TURKEY: Turkey’s government was due to outline a new economic model on Friday as worries over debt deepened. President Recep Tayyip Erdogan has sought to keep interest rates low to support economic growth, while independent economists say the central bank should be free to raise rates to rein in inflation. The lira has gyrated over the past year and was trading at 5.98 lira to the dollar early Friday. It dropped to 5.47 on Thursday.

ANALYST’S VIEWPOINT: “Officials are reportedly preparing stimulus measures in a bid to prop up growth, but these would simply exacerbate Turkey’s economic vulnerabilities and could ultimately tip the country into a full-blown crisis,” Capital Economics said in a commentary.

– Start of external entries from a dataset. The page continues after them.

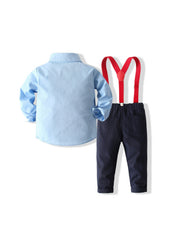 Boys Gentleman Outfits Long Sleeve Slim Fit Bowtie Shirt&Suspender Pants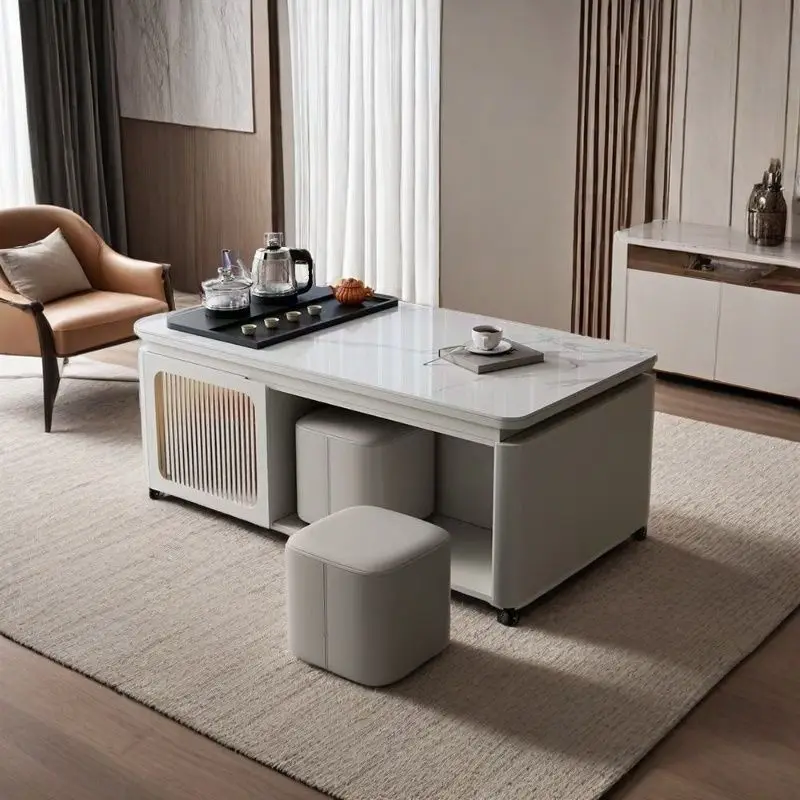 Modern rock slab multi-functional kung fu solid wood tea  movable coffee with tea  integrated dining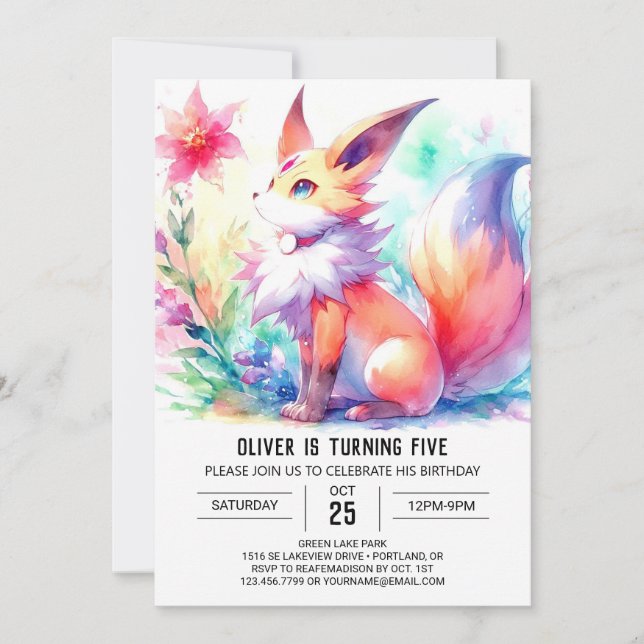 Invitation Enfants Joueurs Renard Anniversaire (Devant)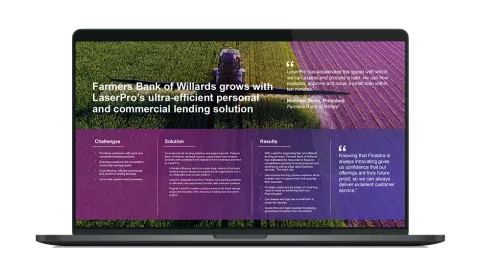 Image of laptop with cover slide of "Farmers Bank of Willards grows with LaserPro" infographic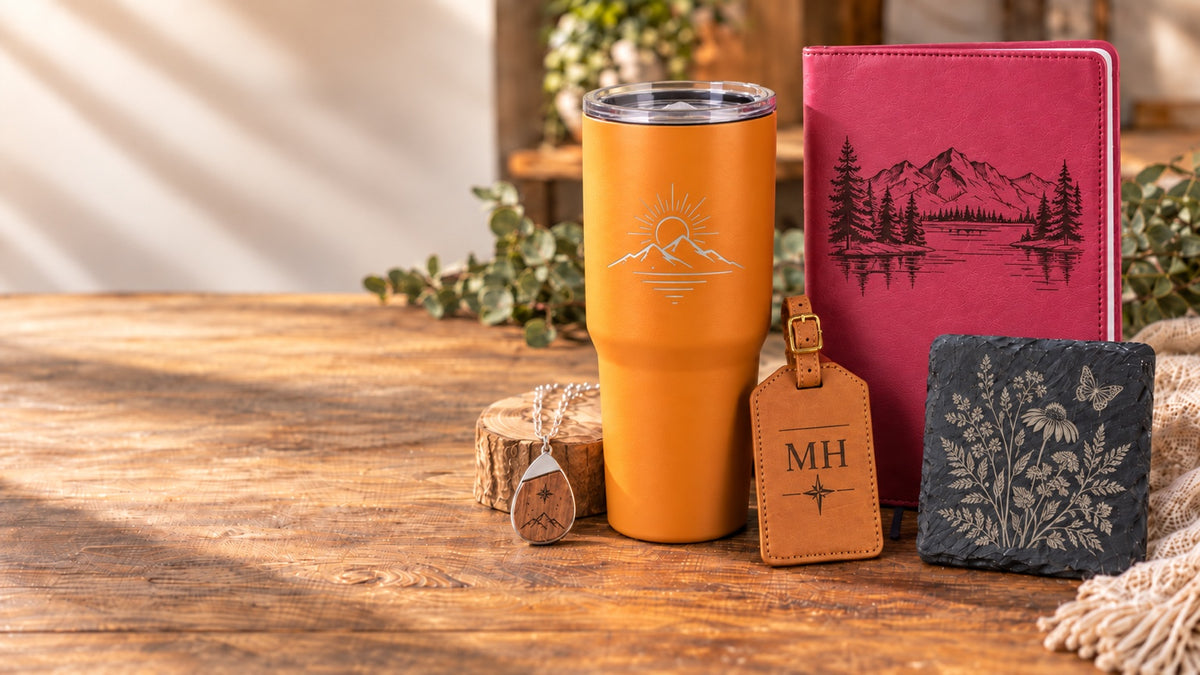 A&M Freestyle Designs personalized engraved tumbler, journal, luggage tag, wood pendant necklace, and slate on a warm wood tabletop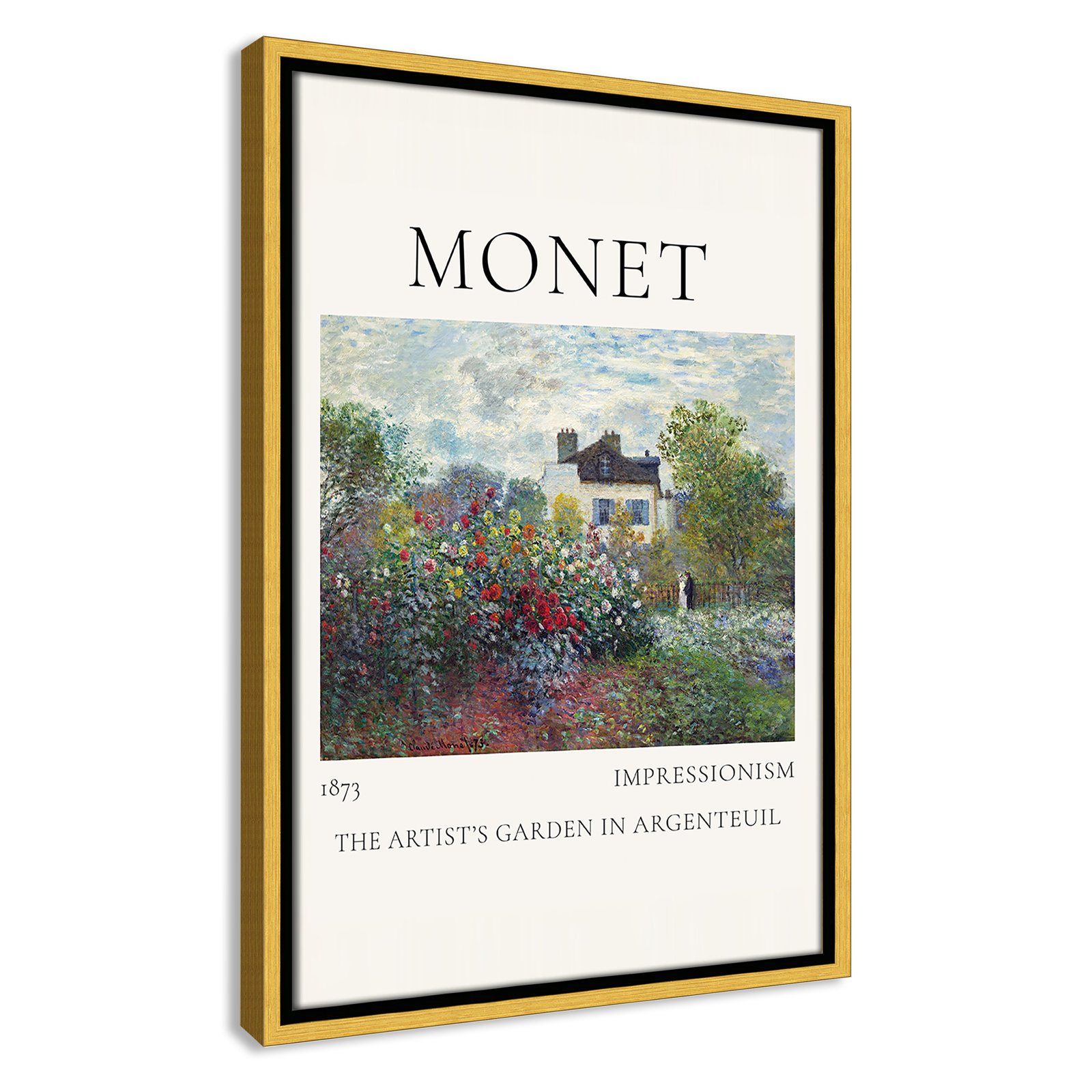 Artists Garden in Argenteuil Print by Claude Monet, No, 19.5" H x 13.5" W x 2" D, Gold Floater Frame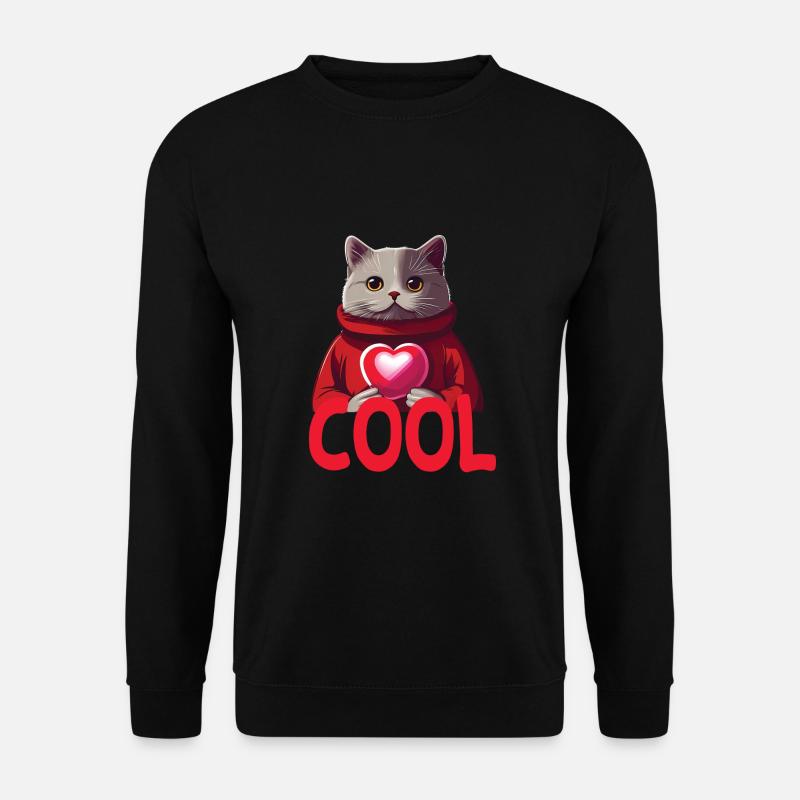 Cool Katze - Cool Cat - Unisex Pullover - Schwarz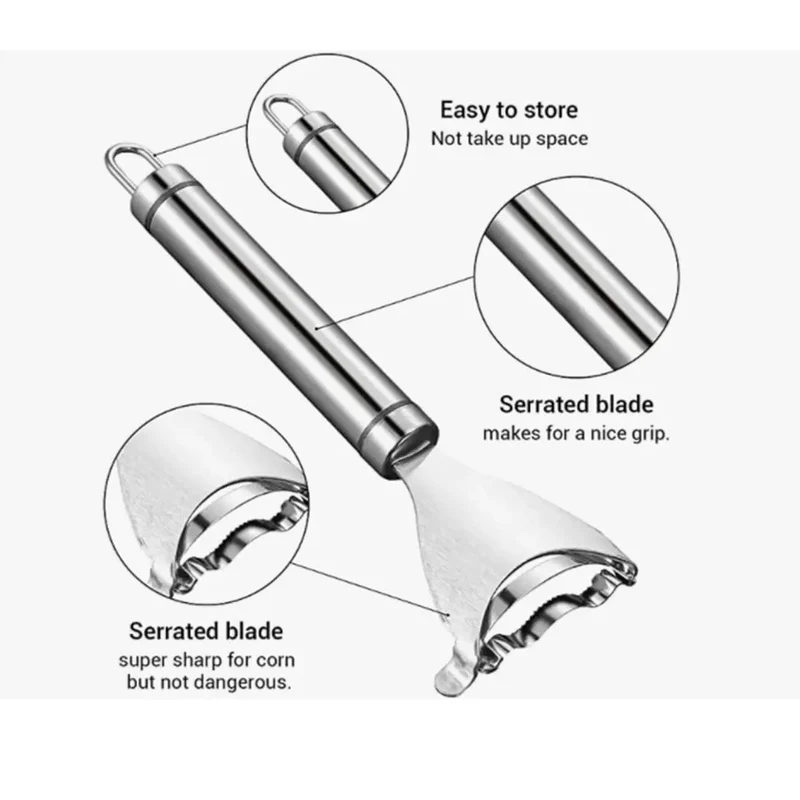 Home Y-Shaped Corn Peeler - Stainless Steel Fast Kernel Remover 3 Seconds Per Corn Kitchen Corn Shelling Lazy Tool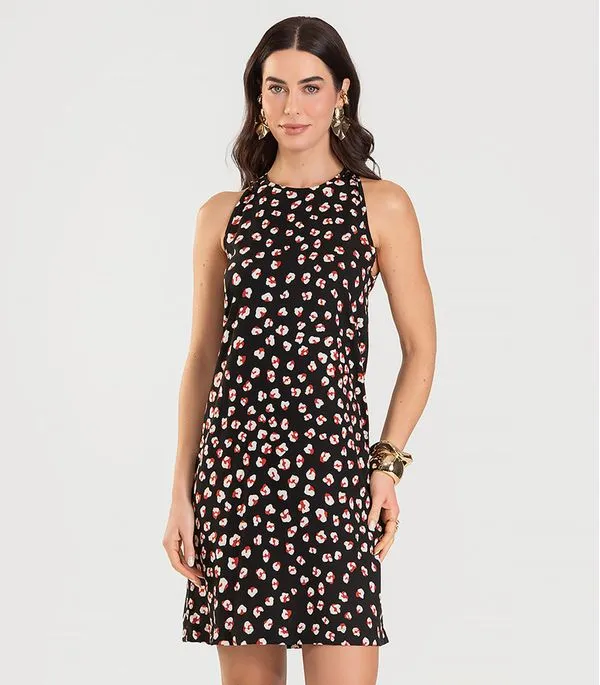 Vestido Curto Feminino Estampado Dianna Preto P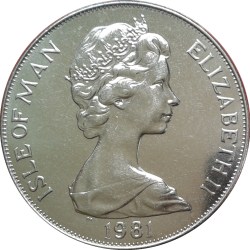 Alternative view of Isle of Man 1 Crown - (Elizabeth II Beethoven) 1981 Rare Unc Commemorative Coin #J-19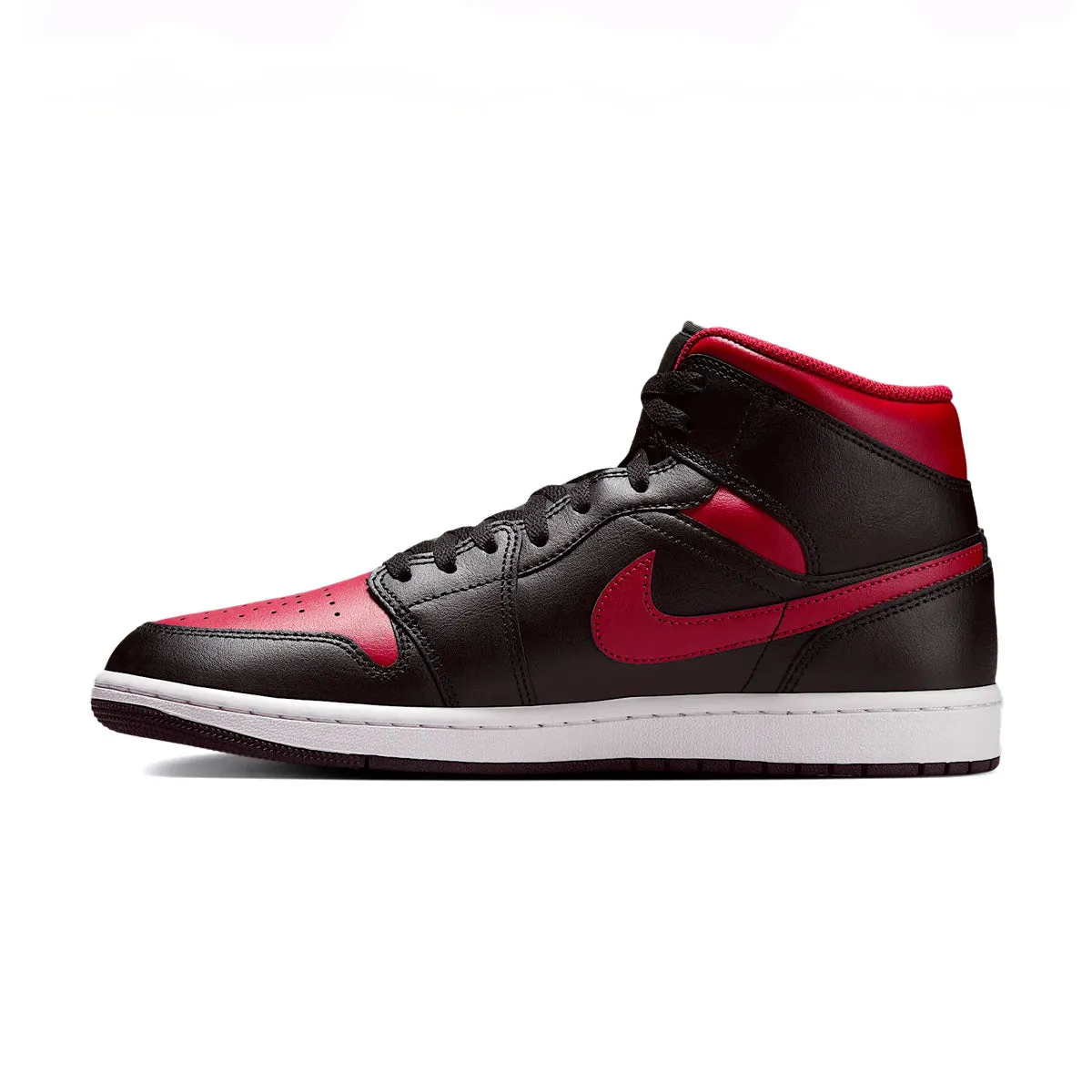 Air Jordan 1 Mid 'Bred' Non-marking sole Shock Absorber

JAPAN GDP: The world’s third-largest economy expanded at a 1.9 percent annual pace in April-June, rebounding from a 0.6 percent contraction in the previous quarter, the government reported. Quarterly growth was 0.5 percent, driven mainly by better-than-expected domestic demand. Trade exerted a slight drag on growth. “We see rising challenges for the economy due to waning consumer confidence and an uncertain global trade environment, which will weigh on growth in exports and investment,” Fitch said in an analysis.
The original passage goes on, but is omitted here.